Es sind Orte, wo der amerikanische Traum immer noch identitätsstiftend ist, auch die Familie, der Glaube, die Gemeinde, der Pick-Up-Truck, die Waffe. Orte also, wo Menschen leben, die schon aus Prinzip nicht für Kamala Harris stimmen konnten, weil ihre Überzeugungen ganz andere sind als jene, für die Kamala Harris eintritt. Orte auch, die das amerikanische Establishment in den urbanen Zentren viel zu oft verspottet hat – auch vor der jüngsten Wahl wieder – und die all die selbsternannten USA-Experten in Deutschland gerne ignorieren, wenn sie ihre hanebüchenen Prognosen basteln. 

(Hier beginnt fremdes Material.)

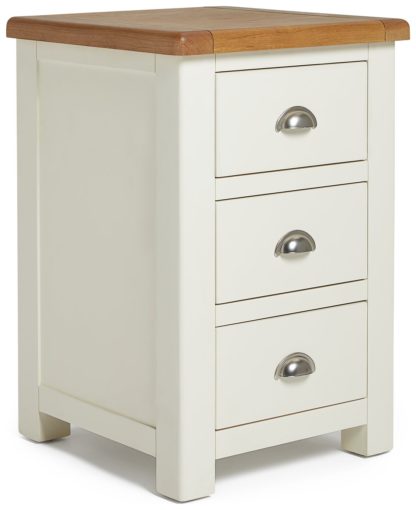 An Image of Habitat Kent 3 Drawer Bedside Table - Cream & Oak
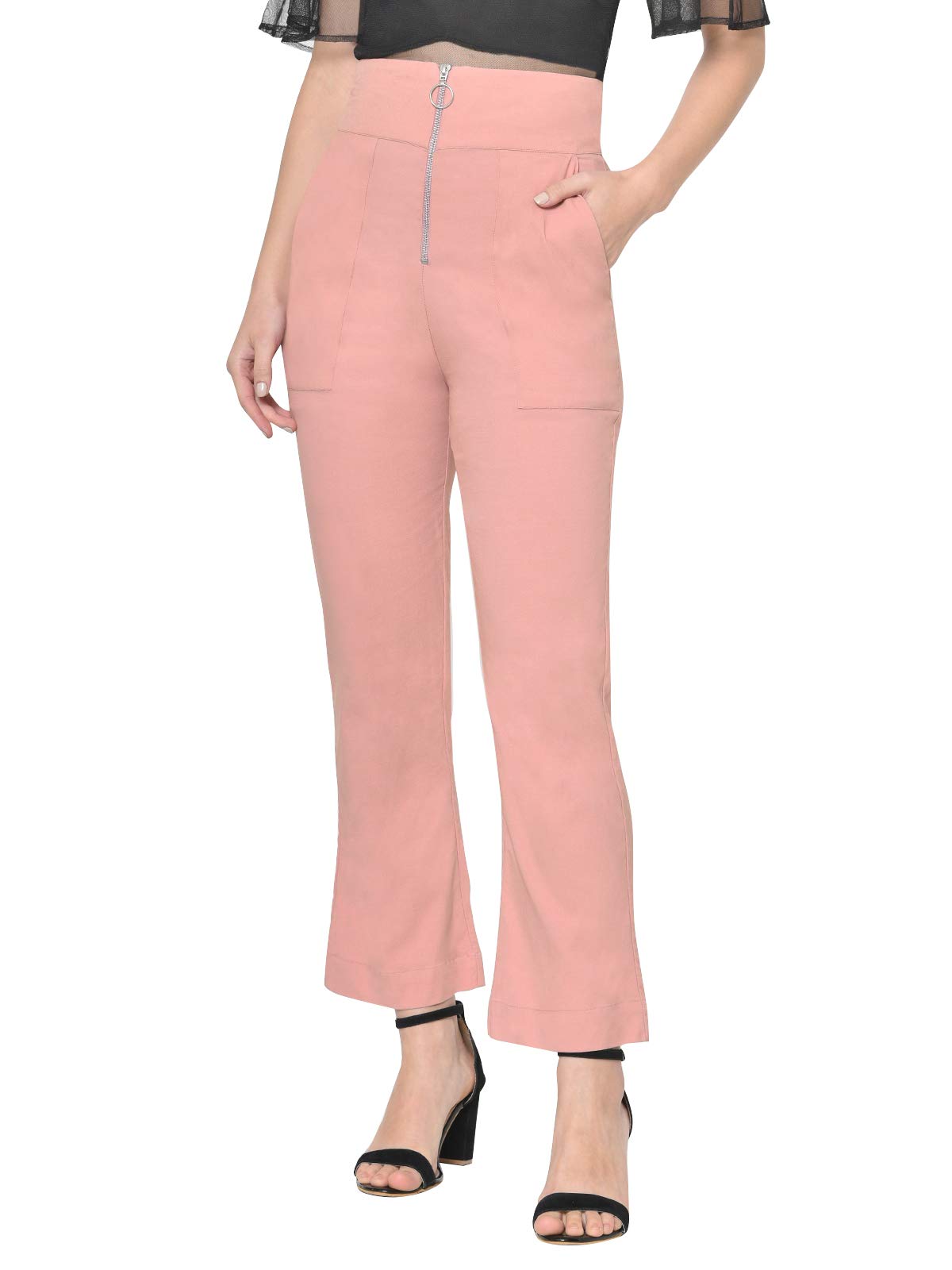 Martini Women Western Stylish High Waist Front Zip Bootcut Trouser (Peach, Size : 28-34)-picture-3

Selbstverständlich dürfen sich Experten auch mal irren. Sie sind ja keine Hellseher. Aber wenn man sich die deutsche Expertenlandschaft zum Thema Vereinigte Staaten anschaut, dann ist die – das haben diese US-Wahlen einmal mehr gezeigt und sie zeigen es nach dem Trump-Sieg noch – erschreckend inkompetent; bis hin zur Verschwörungstheorie. Und da fragt man sich dann schon, ob diese Experten wirklich welche sind, oder eher zufällig an der Bushaltestelle rekrutiert wurden. Anders formuliert: Über solche Experten darf man sich ruhig lustig machen. Man muss es sogar.